Terik is one of the Kenyan languages registered in 2013 as one of the languages spoken by the 42 tribes in the country. The Terik are the group of people speaking this language, and they are part of the Kalenjin community. They live in the western part of Kenya, in the Nandi and Kakamega districts, and their population is approximately 120,000. The Terik people form a tribe of their own with unique traditions, way of life, and taboos. However, to most people, they are the Tirikis, Kalenjins, and Nandis.
Origin and History
The Terik people are the Nilotic people who originated from South Sudan and moved to Mt. Elgon alongside the Bongomek people who were their “relatives.” They stayed at Mt. Elgon for a short period following the trampling on their food crops by elephants. As a result of the crop destruction, they had to move to avoid the risk of hunger. Therefore, they left their “relatives” to head to Nyangori, and then to their current place of residence.

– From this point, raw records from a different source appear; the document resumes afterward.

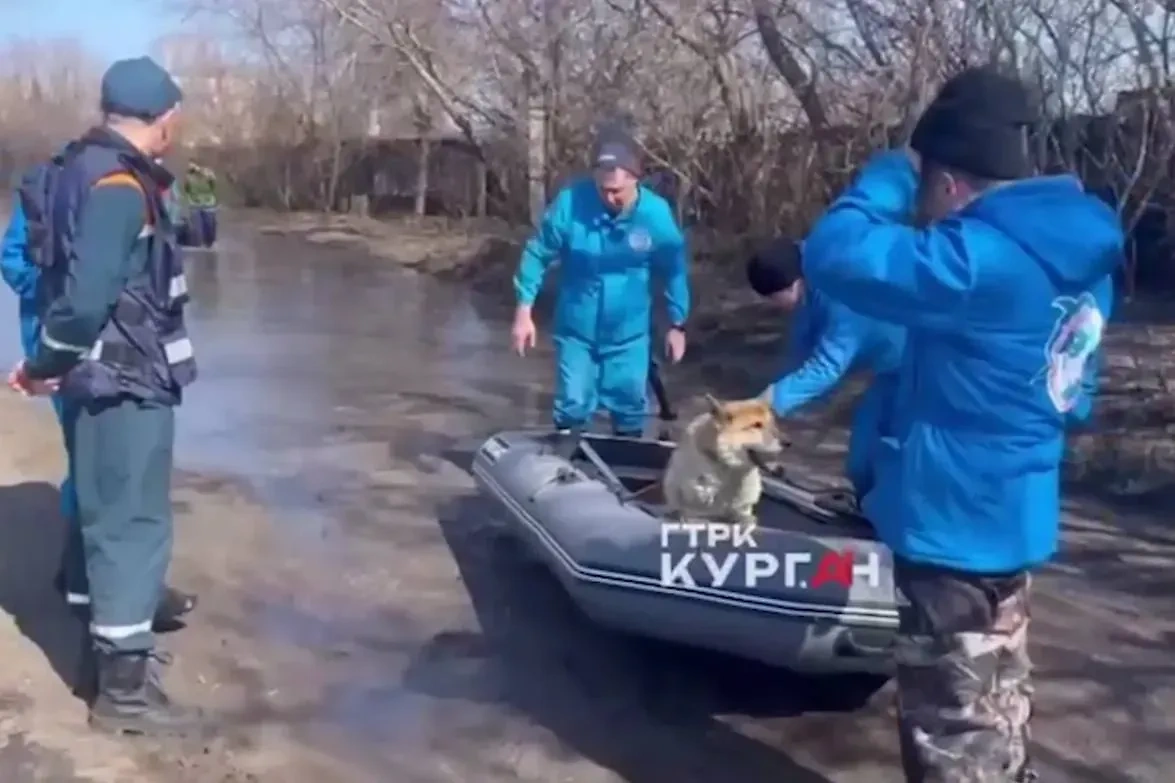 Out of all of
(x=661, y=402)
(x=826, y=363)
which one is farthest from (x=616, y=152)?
(x=661, y=402)

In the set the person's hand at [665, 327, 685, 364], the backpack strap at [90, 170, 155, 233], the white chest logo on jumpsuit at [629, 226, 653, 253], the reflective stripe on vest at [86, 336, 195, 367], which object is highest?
the backpack strap at [90, 170, 155, 233]

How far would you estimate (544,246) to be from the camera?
816 cm

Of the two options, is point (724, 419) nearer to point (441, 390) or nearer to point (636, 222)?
point (636, 222)

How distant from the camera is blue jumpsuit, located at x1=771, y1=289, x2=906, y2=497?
5.16 metres

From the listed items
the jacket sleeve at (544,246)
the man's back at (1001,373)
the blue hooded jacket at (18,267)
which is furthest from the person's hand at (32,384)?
the jacket sleeve at (544,246)

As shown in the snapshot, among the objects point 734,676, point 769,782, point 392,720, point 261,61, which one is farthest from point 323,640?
point 261,61

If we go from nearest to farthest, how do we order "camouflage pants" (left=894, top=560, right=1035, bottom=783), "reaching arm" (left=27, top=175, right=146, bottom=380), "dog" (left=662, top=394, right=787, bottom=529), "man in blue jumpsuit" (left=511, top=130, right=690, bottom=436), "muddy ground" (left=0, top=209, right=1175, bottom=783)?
1. "camouflage pants" (left=894, top=560, right=1035, bottom=783)
2. "reaching arm" (left=27, top=175, right=146, bottom=380)
3. "muddy ground" (left=0, top=209, right=1175, bottom=783)
4. "dog" (left=662, top=394, right=787, bottom=529)
5. "man in blue jumpsuit" (left=511, top=130, right=690, bottom=436)

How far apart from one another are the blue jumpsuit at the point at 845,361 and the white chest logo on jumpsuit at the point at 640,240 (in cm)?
206

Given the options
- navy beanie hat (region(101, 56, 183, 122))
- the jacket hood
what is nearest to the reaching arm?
navy beanie hat (region(101, 56, 183, 122))

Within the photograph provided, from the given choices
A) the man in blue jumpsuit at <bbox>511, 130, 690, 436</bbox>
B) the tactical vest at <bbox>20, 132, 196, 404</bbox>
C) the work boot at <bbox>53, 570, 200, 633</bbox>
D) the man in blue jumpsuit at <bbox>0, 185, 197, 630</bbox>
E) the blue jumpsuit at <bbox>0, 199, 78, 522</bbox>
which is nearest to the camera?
the tactical vest at <bbox>20, 132, 196, 404</bbox>

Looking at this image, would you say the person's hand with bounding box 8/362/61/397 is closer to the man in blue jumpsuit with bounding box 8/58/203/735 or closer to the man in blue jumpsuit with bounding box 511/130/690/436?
the man in blue jumpsuit with bounding box 8/58/203/735

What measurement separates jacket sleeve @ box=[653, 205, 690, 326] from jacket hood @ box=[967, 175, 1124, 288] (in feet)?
14.0

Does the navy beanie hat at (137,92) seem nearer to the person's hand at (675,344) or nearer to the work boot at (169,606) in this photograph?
the work boot at (169,606)

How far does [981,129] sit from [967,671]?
131cm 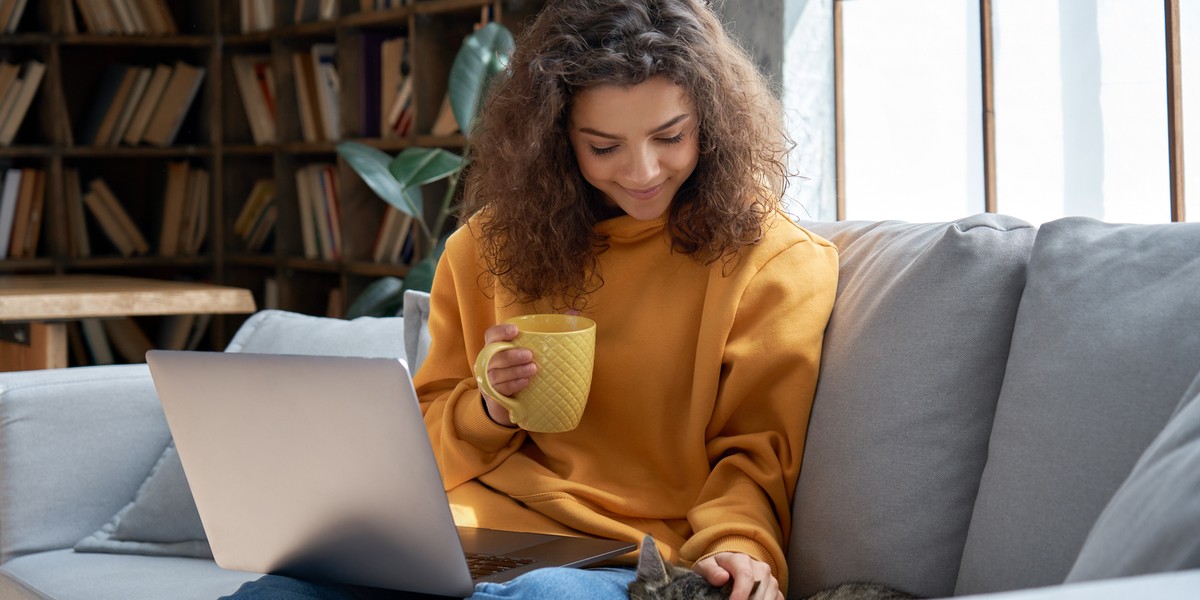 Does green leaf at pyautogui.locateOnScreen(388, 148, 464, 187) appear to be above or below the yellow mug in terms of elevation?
above

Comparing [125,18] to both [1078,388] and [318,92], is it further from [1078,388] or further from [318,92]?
[1078,388]

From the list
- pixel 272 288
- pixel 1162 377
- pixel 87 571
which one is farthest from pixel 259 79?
pixel 1162 377

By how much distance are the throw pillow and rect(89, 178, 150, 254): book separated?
285 centimetres

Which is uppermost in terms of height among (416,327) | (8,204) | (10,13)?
(10,13)

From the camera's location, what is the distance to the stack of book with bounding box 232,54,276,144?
13.8ft

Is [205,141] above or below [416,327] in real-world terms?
above

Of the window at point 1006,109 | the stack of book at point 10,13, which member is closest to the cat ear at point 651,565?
the window at point 1006,109

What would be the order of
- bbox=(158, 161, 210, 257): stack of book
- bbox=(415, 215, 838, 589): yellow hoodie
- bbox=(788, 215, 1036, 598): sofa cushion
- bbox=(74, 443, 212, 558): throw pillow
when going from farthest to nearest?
bbox=(158, 161, 210, 257): stack of book < bbox=(74, 443, 212, 558): throw pillow < bbox=(415, 215, 838, 589): yellow hoodie < bbox=(788, 215, 1036, 598): sofa cushion

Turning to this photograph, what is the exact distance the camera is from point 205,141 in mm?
4434

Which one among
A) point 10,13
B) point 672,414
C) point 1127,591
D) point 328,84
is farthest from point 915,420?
point 10,13

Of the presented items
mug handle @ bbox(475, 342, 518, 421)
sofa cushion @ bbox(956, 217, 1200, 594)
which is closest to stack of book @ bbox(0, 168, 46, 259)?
mug handle @ bbox(475, 342, 518, 421)

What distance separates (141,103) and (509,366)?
354cm

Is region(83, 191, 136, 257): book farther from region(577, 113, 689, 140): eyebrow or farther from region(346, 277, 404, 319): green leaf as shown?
region(577, 113, 689, 140): eyebrow

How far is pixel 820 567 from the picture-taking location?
127 centimetres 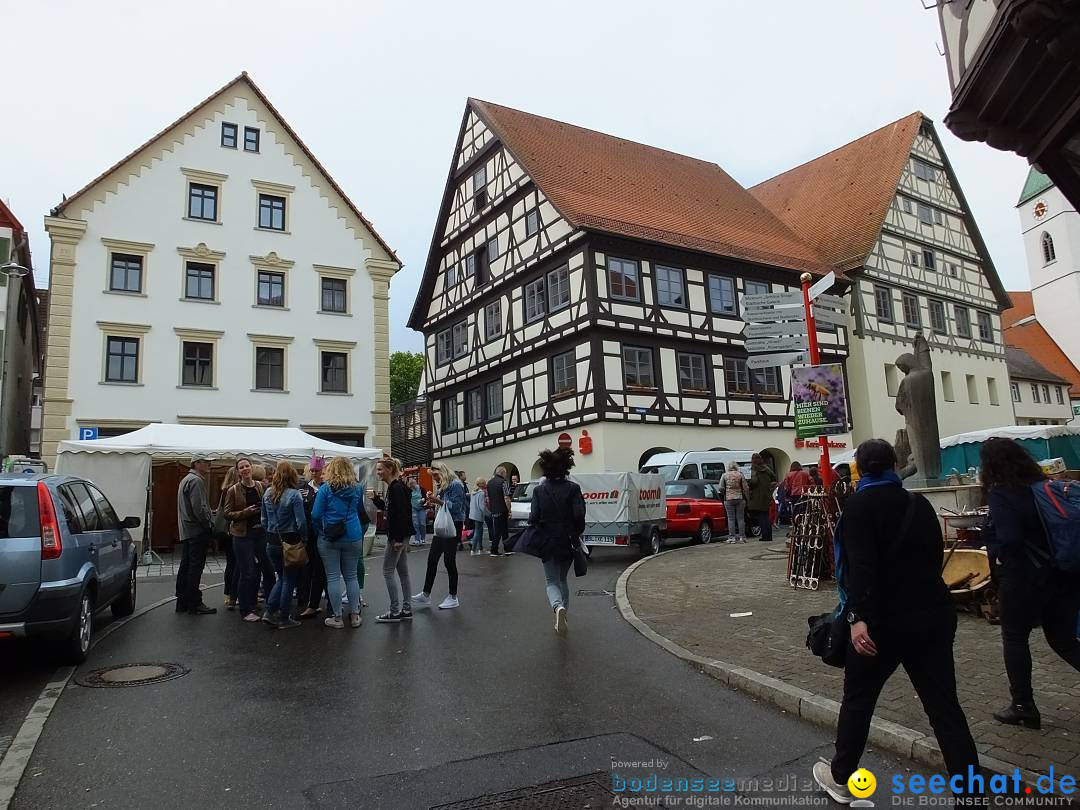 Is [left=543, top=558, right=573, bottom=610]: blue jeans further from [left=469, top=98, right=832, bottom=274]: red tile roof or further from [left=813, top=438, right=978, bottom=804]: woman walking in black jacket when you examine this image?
[left=469, top=98, right=832, bottom=274]: red tile roof

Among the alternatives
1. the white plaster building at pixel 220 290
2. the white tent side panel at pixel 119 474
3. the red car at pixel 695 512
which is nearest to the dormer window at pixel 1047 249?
the white plaster building at pixel 220 290

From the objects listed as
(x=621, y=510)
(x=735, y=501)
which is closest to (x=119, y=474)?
(x=621, y=510)

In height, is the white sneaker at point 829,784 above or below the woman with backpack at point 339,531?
below

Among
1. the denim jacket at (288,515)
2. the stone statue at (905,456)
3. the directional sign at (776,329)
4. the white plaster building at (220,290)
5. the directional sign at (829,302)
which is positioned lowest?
the denim jacket at (288,515)

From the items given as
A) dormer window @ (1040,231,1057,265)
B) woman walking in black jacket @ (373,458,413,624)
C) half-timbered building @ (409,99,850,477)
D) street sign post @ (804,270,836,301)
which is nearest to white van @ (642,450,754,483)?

Before the colonial times, the relationship between the Nandi and the Terik people began from the interactive activities such as cattle, women and land raiding. However, after the colonial times, the perception of the Terik people have increasingly changed and they now take Nandis to be loving relatives.
One of the factors that led to the change in their perception is the expansion of the Luhya (Terik people’s neighbors) territory. The expansion has resulted in the development of Terik-Luhya relation whereby the reduction of intermarriage between the two communities was perceived to be a threat by the Luhya. As a result, during the 20th century, the Luhyas expanded their territory to into that of the Terik people, making them move towards the land of the Nandi to avoid the population pressure.
The Nandi people welcomed the Terik people, and after time, they assimilated them into their culture, resulting in the change towards the Nandi’s age set system. Before assimilation, the original number of age sets for the Terik people was twelve, while that of the Nandi people was seven. Since the 1950s, the growth of a collective Kalenjin consciousness has accelerated the Terik assimilation.
It is important to note that the assimilation of the Terik people is only affecting the Terik people who moved to the Nandi land. In recent years there has been a decrease in such movements since the few pure Terik people want to strengthen their language and cultural practices so that they avoid becoming extinct. Therefore, Terik schools are rising to teach both Terik cultural and traditional practices, as well as the Terik language. It is an exception for this community since the country is getting rid of vernacular classes in schools where the only acceptable languages are English and Kiswahili. The main reason for this exception is to ensure that these people who are facing extinction are recognized, and the possibility of their extinction decreases.